Bourguiba « la voie de la confiance » févier 1956

La voie de la confiance

Par Habib BOURGUIBA

(Express 5 févier 1956)

Au moment où les négociations entre les gouvernements français et tunisien arrivent dans leur dernière phase, le leader du Néo- Destour, Habib Bourguiba, a confié à l’Express le texte que nous publions ici.

Chaque fois que les hommes réussissent par la négociation, la discussion, la bonne volonté à trouver une solution au conflit entre les intérêts puissants des nations, le monde entier à l’est et à l’ouest, devrait respecter un instant de silence et de méditation pour en tirer un enseignement, et y puiser une inspiration nouvelle.

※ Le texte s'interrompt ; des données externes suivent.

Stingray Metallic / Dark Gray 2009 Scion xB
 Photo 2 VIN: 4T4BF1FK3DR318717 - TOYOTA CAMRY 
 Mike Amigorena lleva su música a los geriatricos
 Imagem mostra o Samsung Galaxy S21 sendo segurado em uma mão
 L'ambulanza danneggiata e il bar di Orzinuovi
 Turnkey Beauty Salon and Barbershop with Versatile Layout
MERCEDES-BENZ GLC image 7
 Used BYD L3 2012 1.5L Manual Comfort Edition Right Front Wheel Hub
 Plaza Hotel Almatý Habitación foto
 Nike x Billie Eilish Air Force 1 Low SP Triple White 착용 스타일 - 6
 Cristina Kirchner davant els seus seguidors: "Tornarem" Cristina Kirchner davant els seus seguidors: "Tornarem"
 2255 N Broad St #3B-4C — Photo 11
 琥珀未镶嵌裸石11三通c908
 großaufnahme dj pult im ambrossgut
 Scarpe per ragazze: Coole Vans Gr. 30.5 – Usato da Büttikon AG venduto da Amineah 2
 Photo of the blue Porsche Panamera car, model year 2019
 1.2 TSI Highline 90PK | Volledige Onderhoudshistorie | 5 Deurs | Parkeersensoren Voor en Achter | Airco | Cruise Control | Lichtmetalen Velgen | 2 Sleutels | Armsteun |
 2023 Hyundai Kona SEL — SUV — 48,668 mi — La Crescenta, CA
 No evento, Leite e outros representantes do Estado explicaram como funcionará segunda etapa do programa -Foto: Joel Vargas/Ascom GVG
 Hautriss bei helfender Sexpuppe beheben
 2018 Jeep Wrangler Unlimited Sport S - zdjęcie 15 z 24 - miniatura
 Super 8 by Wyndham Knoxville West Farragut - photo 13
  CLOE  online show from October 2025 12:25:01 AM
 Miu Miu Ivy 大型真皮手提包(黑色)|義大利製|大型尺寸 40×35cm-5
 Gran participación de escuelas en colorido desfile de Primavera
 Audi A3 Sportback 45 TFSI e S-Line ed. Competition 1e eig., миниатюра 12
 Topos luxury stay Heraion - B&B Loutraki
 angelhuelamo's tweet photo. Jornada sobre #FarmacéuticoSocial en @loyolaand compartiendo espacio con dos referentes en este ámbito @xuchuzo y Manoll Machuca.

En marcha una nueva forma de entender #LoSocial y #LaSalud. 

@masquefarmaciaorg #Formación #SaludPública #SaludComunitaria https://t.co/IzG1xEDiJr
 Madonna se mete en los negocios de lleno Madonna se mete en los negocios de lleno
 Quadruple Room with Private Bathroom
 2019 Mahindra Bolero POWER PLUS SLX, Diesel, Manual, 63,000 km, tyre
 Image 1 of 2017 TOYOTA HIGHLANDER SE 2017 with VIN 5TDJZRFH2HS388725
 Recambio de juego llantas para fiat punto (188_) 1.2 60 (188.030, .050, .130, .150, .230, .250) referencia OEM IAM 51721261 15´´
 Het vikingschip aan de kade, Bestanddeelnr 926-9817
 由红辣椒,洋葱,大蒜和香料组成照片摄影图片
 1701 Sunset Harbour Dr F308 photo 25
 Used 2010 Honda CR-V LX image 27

Entre la Tunisie et la France tout n’a pas été résolu, car jamais tout ne peut l’être. L’évolution est dans la nature même des peuples. Mais la preuve a été faite que es difficultés les plus graves et les convictions divergentes peuvent être examinées loyalement, avec sang-froid, par des hommes sérieux et honnêtes et qu’au bout de leur confrontation c’est l’espoir, et non le cynisme, qui se trouve justifié.

Le destin du peuple tunisien- il y a près de vingt-cinq ans que le vis, jour après jour, dans les campagnes et les villes de mon pays, dans la solitude des prisons, dans la chaleur humaine des congrès.

Vingt-cinq années, marquées par de luttes, des répressions, des éclaircies, des rechutes, et toujours par une volonté plus ardente, mieux organisée, de notre peuple vers son émancipation politique que certains persistent encore à confondre avec l’idée de sécession, ou d’une régression de l’influence française, alors qu’elle doit être, au contraire, une véritable association un renforcement et un progrès, et même la pierre angulaire d’un grand ensemble franco-africain.

Et voici maintenant qu’avec la France nous trouvons une voie de confiance et d’amitié pour la poursuite de notre destin. C’était l’espoir auquel nous n’avions jamais renoncé, mais auquel nous n’osions plus croire. Voici bientôt le moment, que nous souhaitions de toute notre âme, où nous pourrons enfin consacrer cette énergie tenue vers la lutte et les combats à la tâche magnifique de construire, dans la paix, la nation tunisienne ; où nous pourrons donner la mesure de notre patriotisme et de notre dévouement à la chose publique autrement que dans les prisons et les camps.

Au nom de notre peuple je rends hommage à ce gouvernement français qui aura su comprendre nos aspirations et nous permettre de les concevoir avec la France, grâce à la France, et non plus contre elle.

Quels que soient maintenant le cours des évènements, les vicissitudes de la politique, les difficultés nouvelles qui peuvent surgir et même les retours possibles aux erreurs du passé, nous savons désormais qu’il y a en France des hommes qui justifient notre confiance dans le devenir des rapports franco-tunisiens ; et l’espoir ne pourra que croître.

A ces hommes, nous disons que le peuple tunisien respectera ses engagements et que le destin de notre pays ne poursuivra aux côtés de celui de la France.

Déjà la bonne volonté des négociateurs, à Paris, a fait lever un vent nouveau en Tunisie. Nos amis français, qui participent là-bas à l’essor de notre pays, ont compris qu’une ère de travail fécond, en commun, pourrait s’ouvrir. Le courage des hommes d’Etat sera relayé par l’ardeur des fermiers et l’audace des entrepreneurs. Nous allons faire une grande nation.

Contre les forces aveugles de la méfiance et de la réaction, contre l’égoïsme des intérêts, nous n’avions pas fini de nous battre. Mais nous avons la preuve que la victoire finale appartiendra à ceux qui respectent les hommes et qui aiment le peuple.